In truth, Iverson has been retired for quite a while, only he didn’t officially announce it. ‘The Answer’ spent almost 14 years in the NBA, most of the time with the Philadelphia 76ers. The 2001 MVP, a year in which he took a very mediocre Sixers team to the NBA finals, was his crowning achievement, in a career that included 11 All-Star appearances and being a 4-time NBA scoring champion, retiring with an average of 26.7 points per game, ranked sixth all-time.

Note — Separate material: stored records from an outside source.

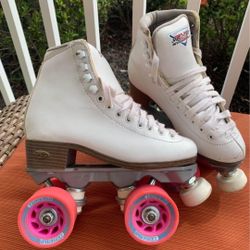 Girls Roller Skates
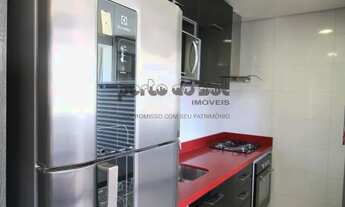 Imagem 7: Apartamento MOBILIADO, 1 Quarto, 38m², Independenc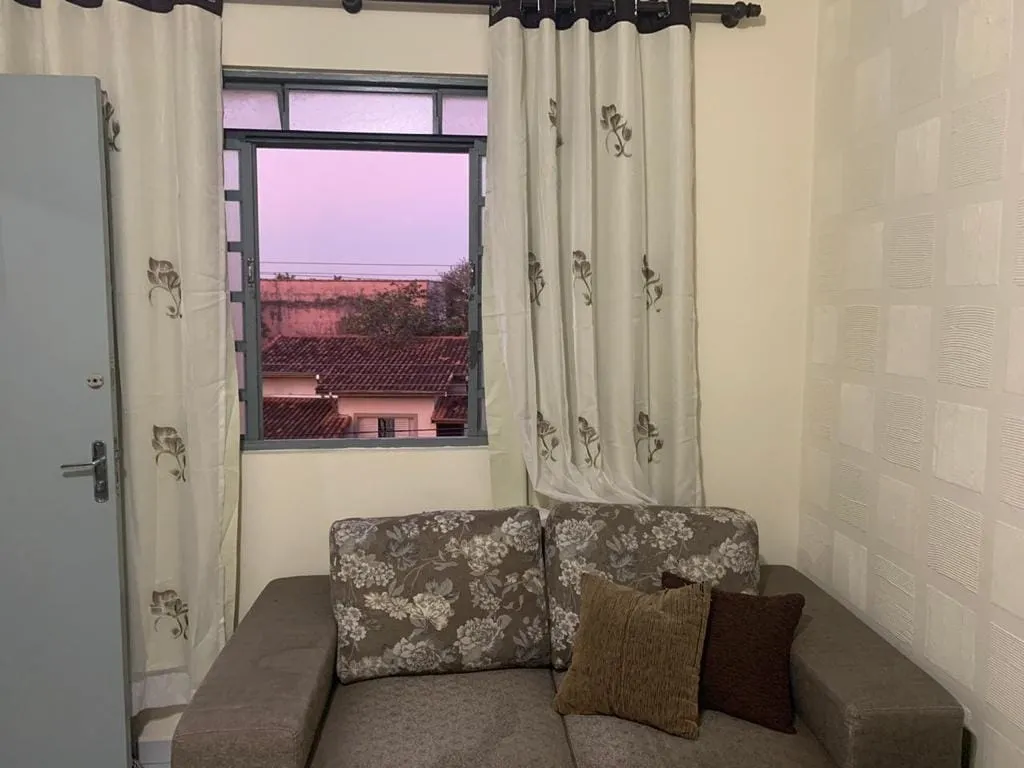 Imagem Apartamento à Venda - 2 Quartos, 1 Vaga, 57m² - Localização Privilegiada no Bosque da Princesa, Pindamonhangaba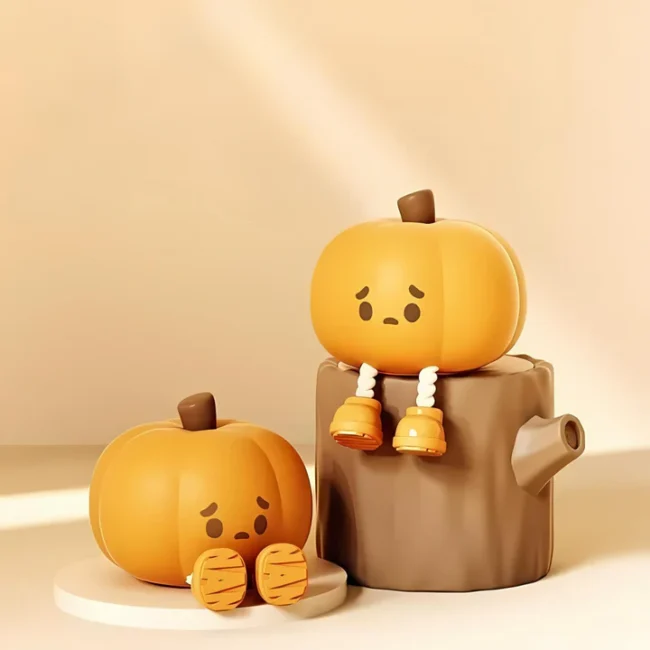 Cute-Pumpkin-Mini-Silicone-Light-9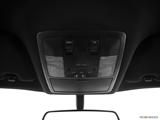  Courtesy lamps/ceiling controls photo
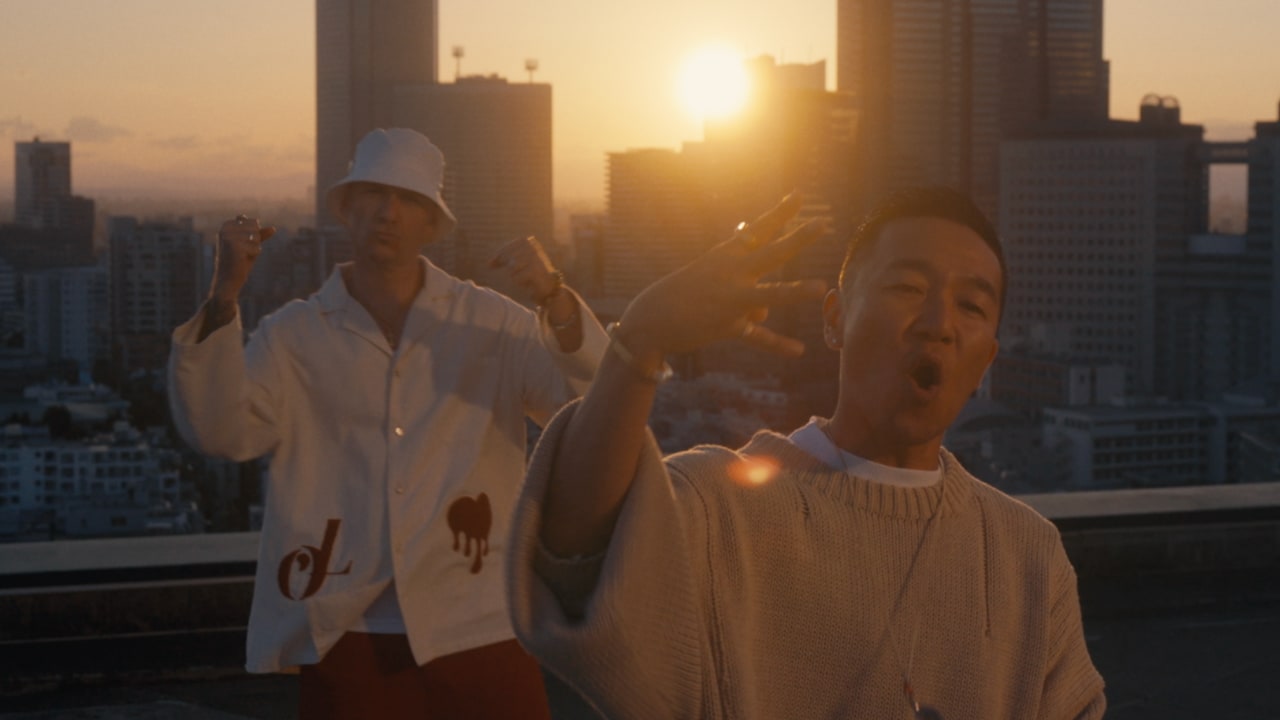 Def Tech、アフリカンビートに乗せた新曲リリース＆MV公開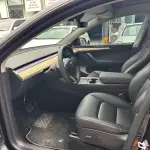 Tesla Model Y 2023 из Китая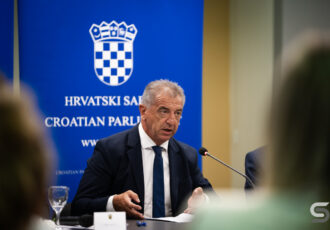 Milinović povukao crtu: „Pozdravljam inicijativu, ali ovaj grad predstavljam ja“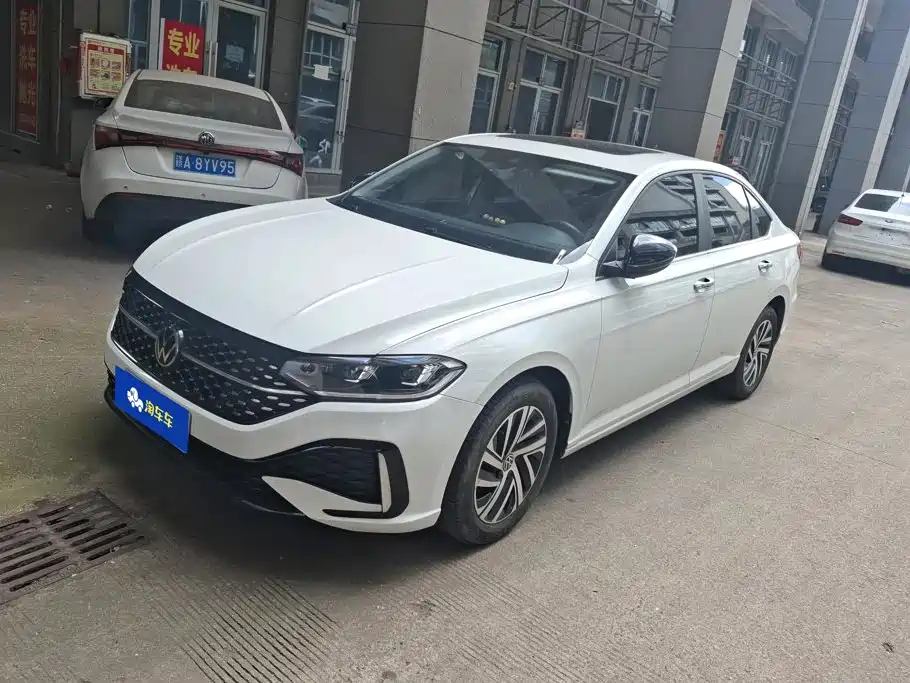 Volkswagen Lavida 2023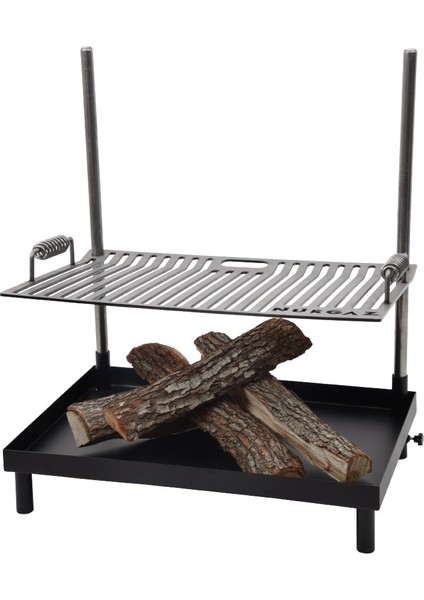 Akıllı Izgara + Tava Set NG-C067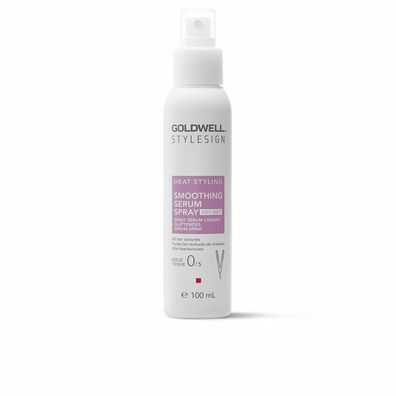 Goldwell Goldwell Stylesign Heat Styling Glättendes Serum-Spray 100 ml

Most of Beckham’s soccer achievements came during the first half of his career, although his popularity had a lot to do with his good looks and marketability, and not just his football. He played 115 times for the English national team, including three World Cups and two European championships. He won six league titles with Manchester United and also the Champions League in 1999; two league titles with Real Madrid, two MLS Cups with the Galaxy and helping push the sport further than ever before in the United States before some cameo appearances for PSG, winning another championship in France.
Unlike most players on this list, Thome spent his baseball career with plenty of teams: Indians, Phillies, White Sox, Dodgers, Twins and Orioles. Unlike most of the sluggers in recent years, he has avoided any allegations of steroid use and is one of only eight players to hit for more than 600 home runs, retiring with 612. He is a five-time All Star, a one-time Silver Slugger recipient and a home run champion once as well.

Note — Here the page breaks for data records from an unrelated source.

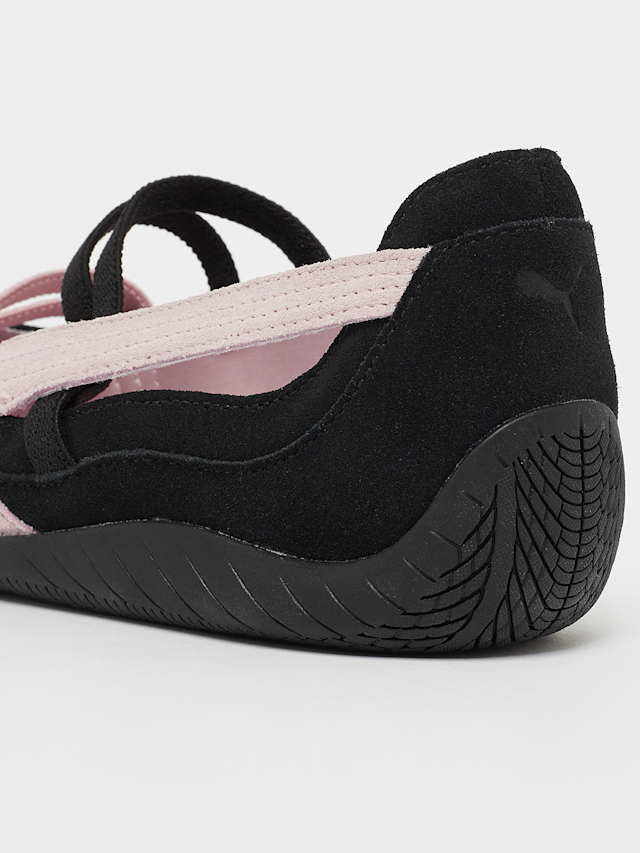 PUMA, Speedcat Ballet SD, black, Image 7 of 7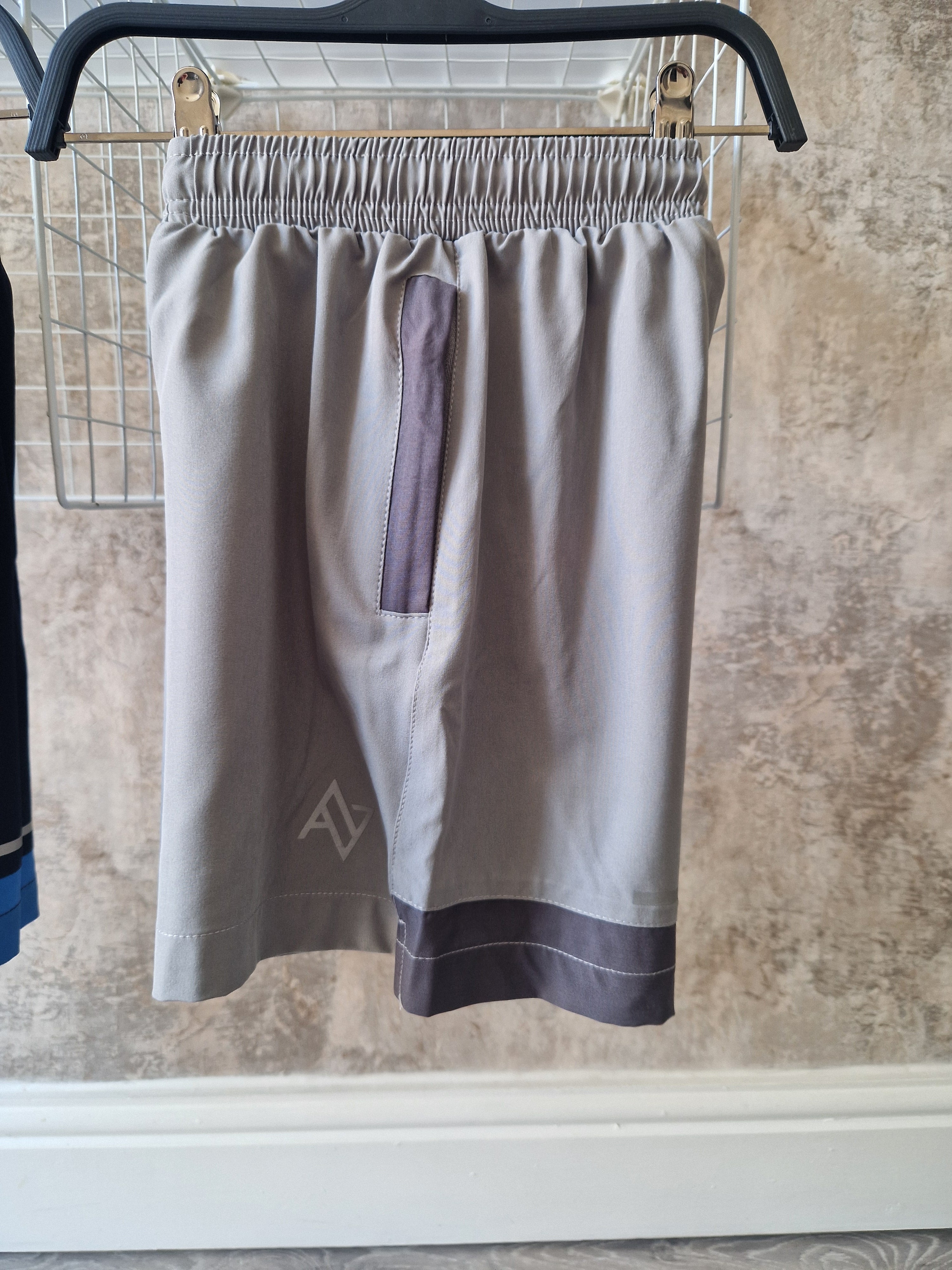 Boys Hybrid Shorts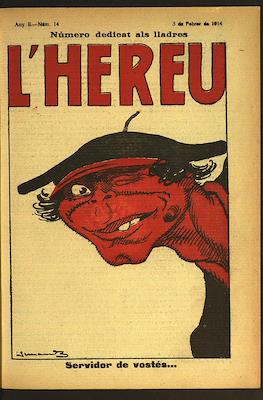L'Hereu (1913-1914) #14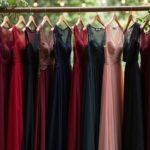 elegant dresses for weddings
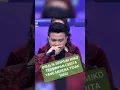 Lagu Pencipta lagu menggapai mimpi Dede April ka Miko ternyata menyimpan cerita yg sangat terharu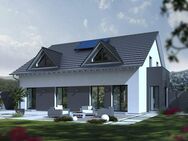 Barrierefreies Traumhaus mit Einliegerwohnung - Ideal für Familien und mehrere Generationen - Aldingen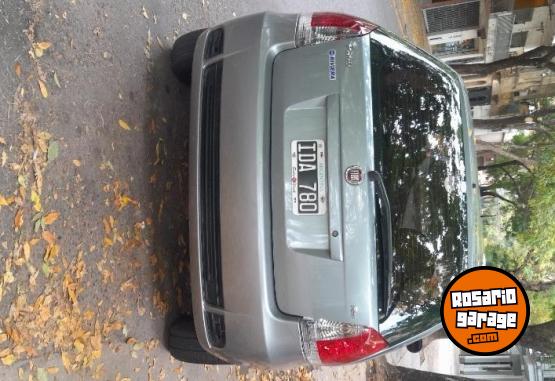 Autos - Fiat Fire 1.4 2009 Nafta 62000Km - En Venta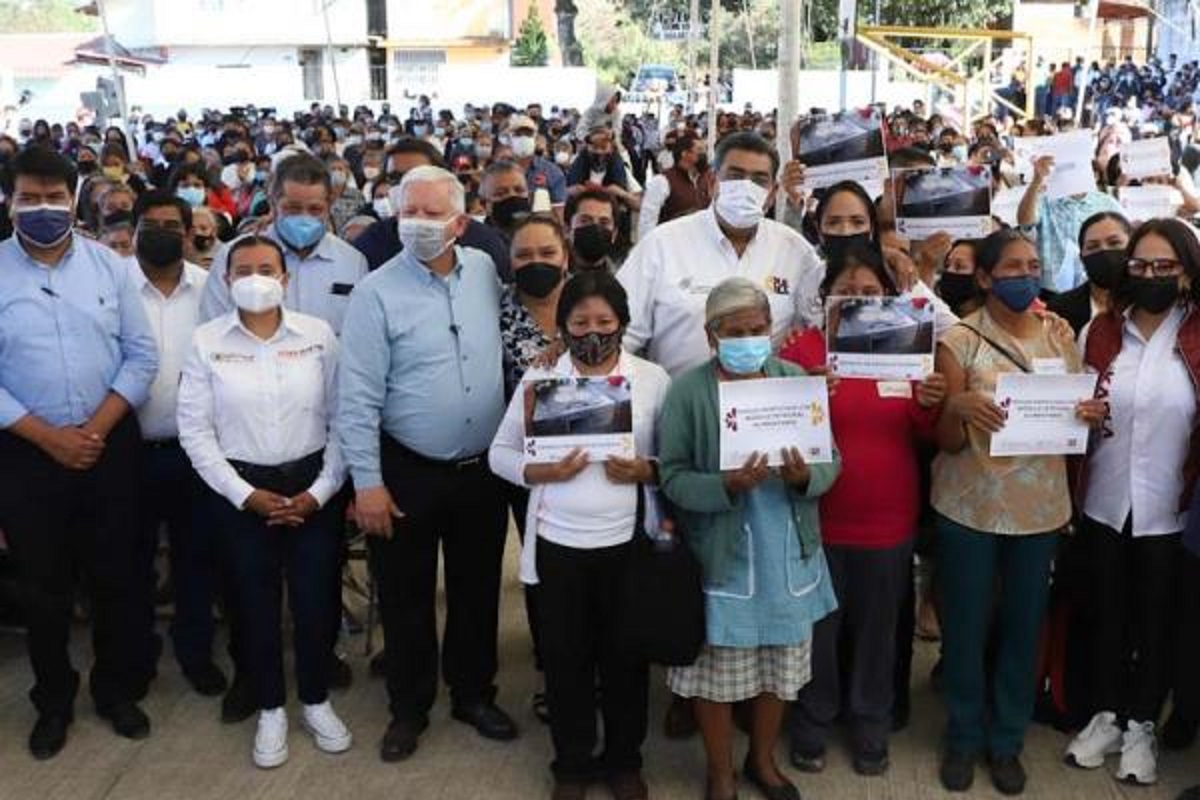 Con políticas públicas firmes, gobierno de Céspedes Peregrina garantiza continuidad y trabajo a favor de poblanos 1 sergio salomoon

Like Rivera, Pettitte is mostly known for his Yankees fame, although he did play for the Houston Astros from 2004 to 2006. He played in MLB from 1995 to 2013, taking a year off in 2011 before coming back and playing quite well for someone who’s been out of the game for some time. He retired as baseball’s all-time leader in postseason wins, with 19. He is a five-time World Series champion, making the All-Star game three times and leading the AL in wins once, in 1996.

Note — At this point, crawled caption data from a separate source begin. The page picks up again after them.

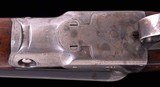 Parker PH 12 Gauge – PARKER STEEL, UNTOUCHED vintage firearms inc - 13 of 23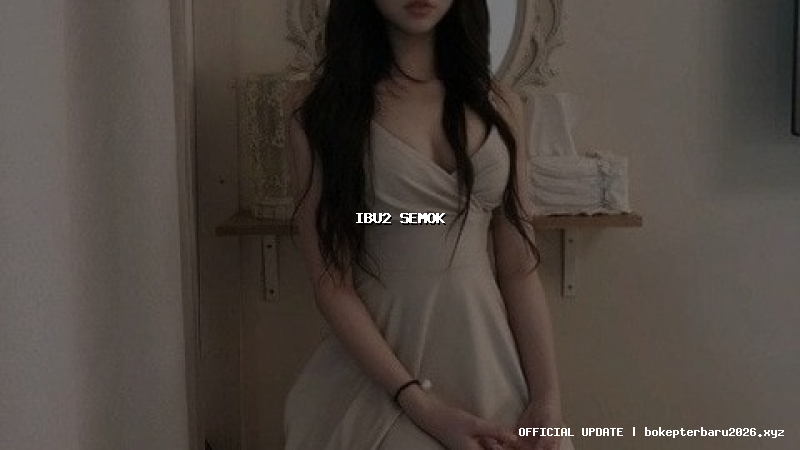 ibu2 semok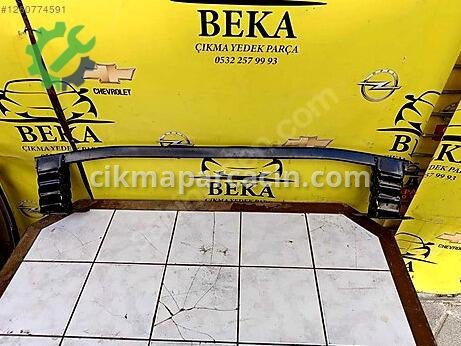 Opel Combo Tampon Demiri çıkma parça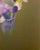 Pastel Painting Gladiolus Serdyuk Boris Petrovich For Sale - Image 4 of 7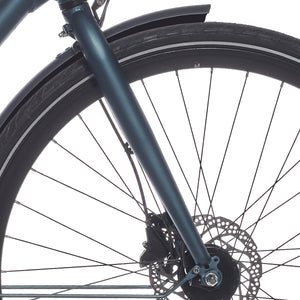 Cortina voorvork Mozzo DB irish blue matt - AE-trading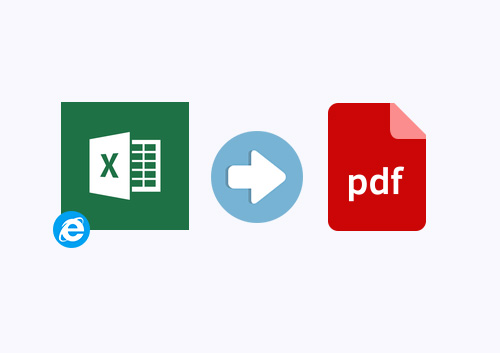 Top 5 Online Excel to PDF Converters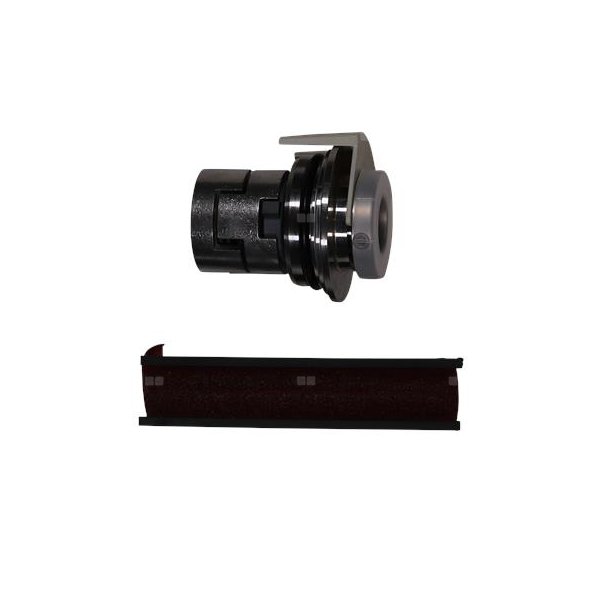 Uszcz. wału CR/N 32/45/64/90  HUBV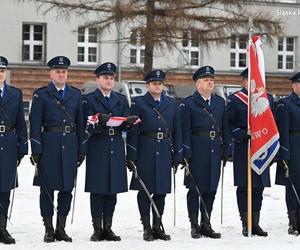 Ponad 130 nowych policjantów w garnizonie śląskim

The 2012-2013 season was McGrady’s best in terms of playoff performance, sitting on the bench while the San Antonio Spurs made the NBA finals. For a seven year stretch he was one of the best scorers in the NBA, but age and injuries caught up with him too quickly. A two-time NBA scoring champion and 7-time All-Star, McGrady will be mostly remembered for not making it past the first round of the playoffs during his prime.
The heart of the Chicago Bears for over a decade, Urlacher got cut and eventually retired after the 2012 season. He made the Pro Bowl eight times during his 13-year career, and was a first-team All-Pro selection four times, also winning the NFL’s defensive player of the year once (in 2005). He got to lead the Bears to the Super Bowl once, losing to the Indianapolis Colts.
Spending your entire career in Tampa Bay means you probably didn’t get too many chances at the spotlight. However, the less famous of the Barber twins won the Super Bowl with the Bucs, playing 16 seasons in Tampa Bay. He made the Pro Bowl five times and was an All-Pro three times, and holds the record for most consecutive starts by a cornerback (224) and the most sacks by a cornerback, retiring with 26.